Il risultato di tutto questo è uno scenario da tumulto sociale, se non addirittura da scontro civile. Un canovaccio riscontrabile negli ultimi anni nella destabilizzazione di molti paesi, che hanno portato a volte ai cosiddetti "regime change" (come nelle rivoluzioni colorate in Serbia, Ucraina, Georgia), o a repressioni violente del potere (come in Asia centrale o Africa).
In Iran il contesto è reso ancora più grave dalla situazione internazionale e dalle minacce di guerra che coinvolgono il paese. Ogni evento è reso per questo ancor più acuto e le ripercussioni più delicate.

Il mondo occidentale ha ormai il suo tiranno, senza se e senza ma: il suo nome è Ahmadinejad.
Le prime reazioni da Israele, dietro il tenore preoccupato, sembrano grida esultanti. Il vice-ministro degli Esteri, Danny Ayalon, ha dichiarato: "Se anche ci fosse stata un'ombra di speranza, la rielezione di Ahmadinejad è giunta a dimostrare una volta di più la crescente minaccia rappresentata dall'Iran, ai cui programmi nucleari bisogna subito far fronte".

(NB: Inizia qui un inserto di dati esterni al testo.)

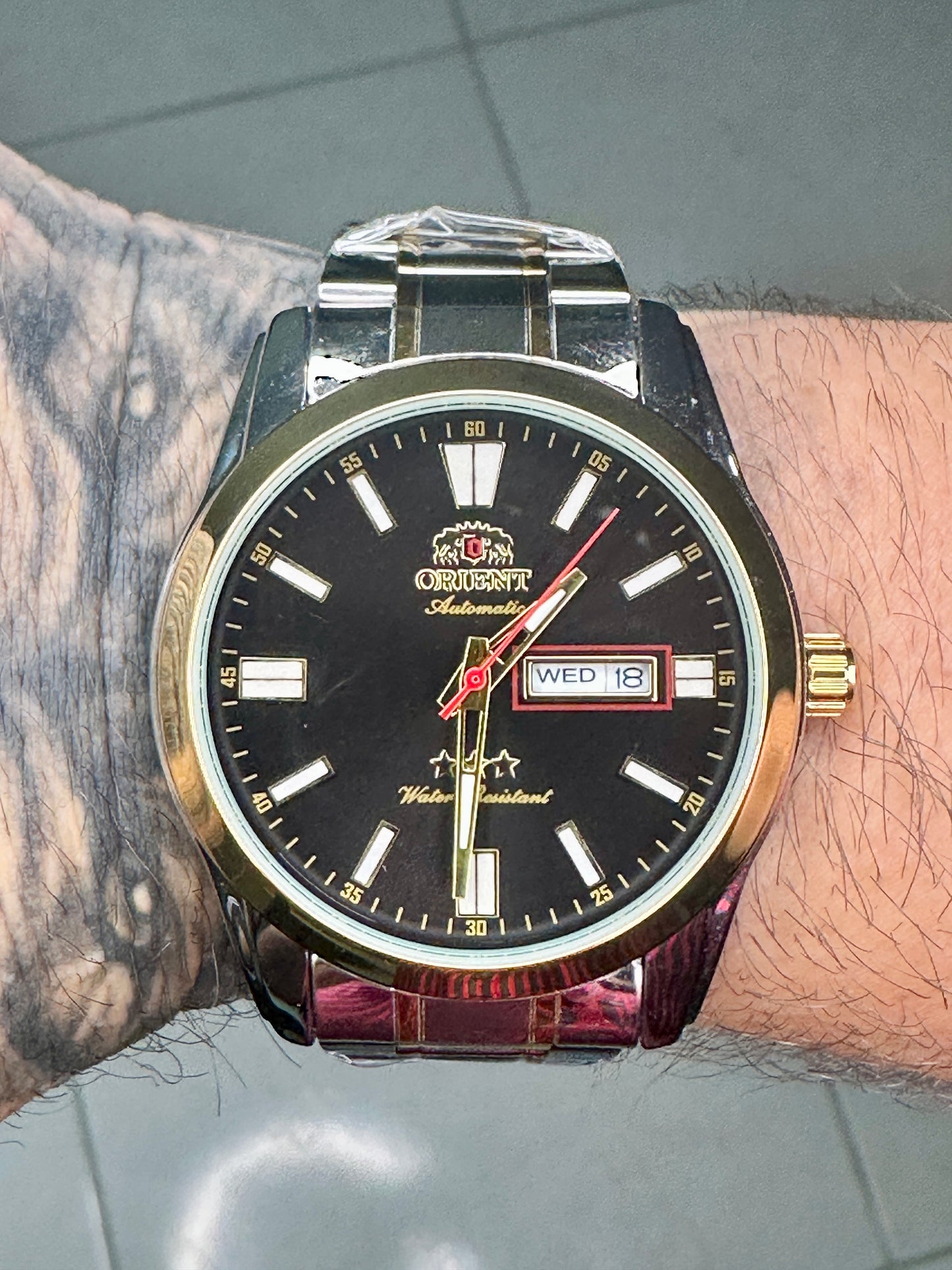 Reloj Ornt Dial Negro Gold, Bisel Gold, Pulso Plata Gold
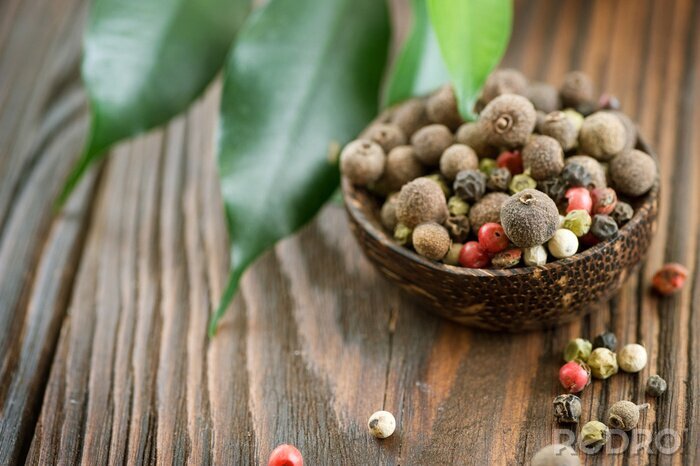 Poster  Poivre coloré dans un bol
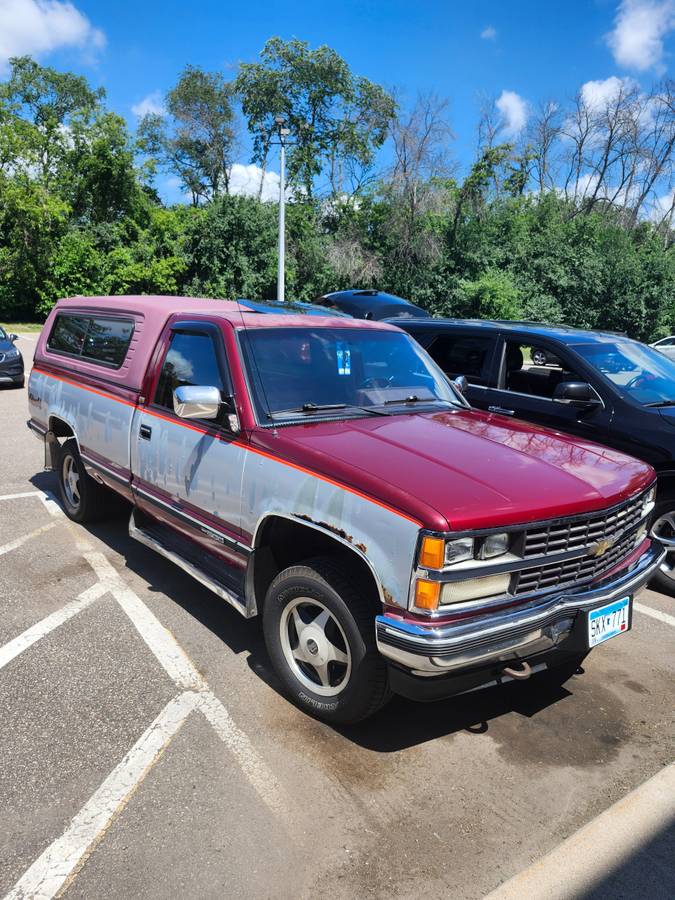 Chevrolet-gmt-400-12-ton-nominal-1989-red-3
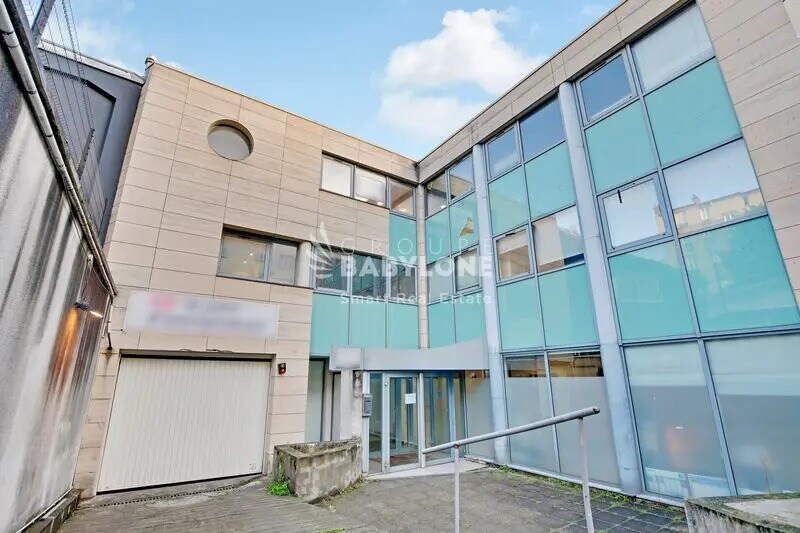 Office in Clichy for lease - Building Photo - Image 2 of 10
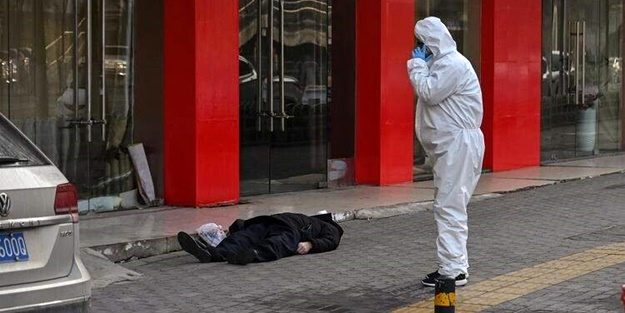 Dünya Diken Üstünde! Koronavirüs Nedeniyle Ölenlerin Sayısı Katlanarak Artıyor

Esplicito anche il vice-premier di Netanyahu, Silvan Shalom, uno dei leader del maggiore partito al governo, il Likud, secondo cui il risultato delle elezioni presidenziali iraniane "sta esplodendo in faccia a chi pensava che l'Iran fosse pronto a un dialogo con il mondo libero, incluso quello sulla cessazione dei suoi piani nucleari" con chiaro riferimento ad Obama ed alle componenti della sua Amministrazione che stanno cercando un dialogo con Teheran.

Riuscirà il popolo iraniano a tenere i nervi saldi, la mente lucida, il cuore limpido? È solo sull'anima nascosta del popolo persiano su cui si può fare affidamento. La sua leadership, in tutti i suoi settori, ci pare troppo implicata e stretta in meccanismi di potere, interni ed internazionali, che la stanno spingendo là dove si vuole che vada.

Un comandante guerrigliero latino-americano ha detto che l'unico modo che ha il popolo di battere il potere è fare sempre ciò che non ci si aspetta da lui. In Iran, oggi, appare quasi impossibile.